Old Dee Bridge
The oldest surviving bridge in the city, the Old Dee Bridge carries the road which leads from the bottom of Lower Bridge Street to Handbridge. The Romans built the first brige crossing the Dee in this site, the present red sandstone, seven arched structure is medieval.
The Old Dee Bridge
It is likely that this structure was still present at the time of the Norman Conquest and a bridge on the site is mentioned in the Domesday Book of 1087:-
'When, for the purpose of repairing or rebuilding the wall or the bridge of the city, the proper officers commanded that one man be furnished from each hide, the lord of such man that did not attend was fined fourty shillings to the King and the Earl'.
Repairs were carried out on the structure during the next two centuries but in 1279-80 the timber superstructure was swept away.

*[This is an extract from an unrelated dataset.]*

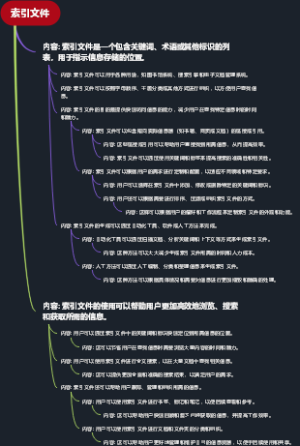 索引文件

Legend states that when King Edward I crossed over on his way to fight his campaigns in Wales he was so angered that he decreed that if a stone bridge was not constructed he would sack the city. Fortunately when he returned in 1280, the current bridge was in place. Further repairs were carried out in the 1340s and the 1350s. In 1387 the citizens of Chester were allowed to convert the murage (the toll for repair of the town walls) for a further repair.
View of the Weir from the Bridge
The bridge once had strong towers, a drawbridge and portcullis. It was damaged at the time of the Civil War during the siege of Chester, to prevent the Parliamentary forces from using the city as a base.The bridge was widened to allow a footpath on the upstream side in 1826. At around this time it was agreed that it was becoming inadequate for the expected traffic and it was decided to build an additional bridge to link the city with North Wales. This resulted in the Grosvenor Bridge, designed by Thomas Harrison and opened in 1832.
The great weir on the Dee in front of the bridge was constructed around 1093 and was commisioned by Hugh Lupus, first Earl of Chester, to supply power to his corn mills which were located where the small modern generating station at the north end of the bridge now stands.
The field opposite is known as Edgar's Field, so named for the Saxon King Edgar. The King stayed at a palace on this field in 973 A.D. From here the king visited nearby St Johns Church where six tributary kings swore allegiance to him. The Roman Minerva's Shrine, which dates from the early second century, can be seen there.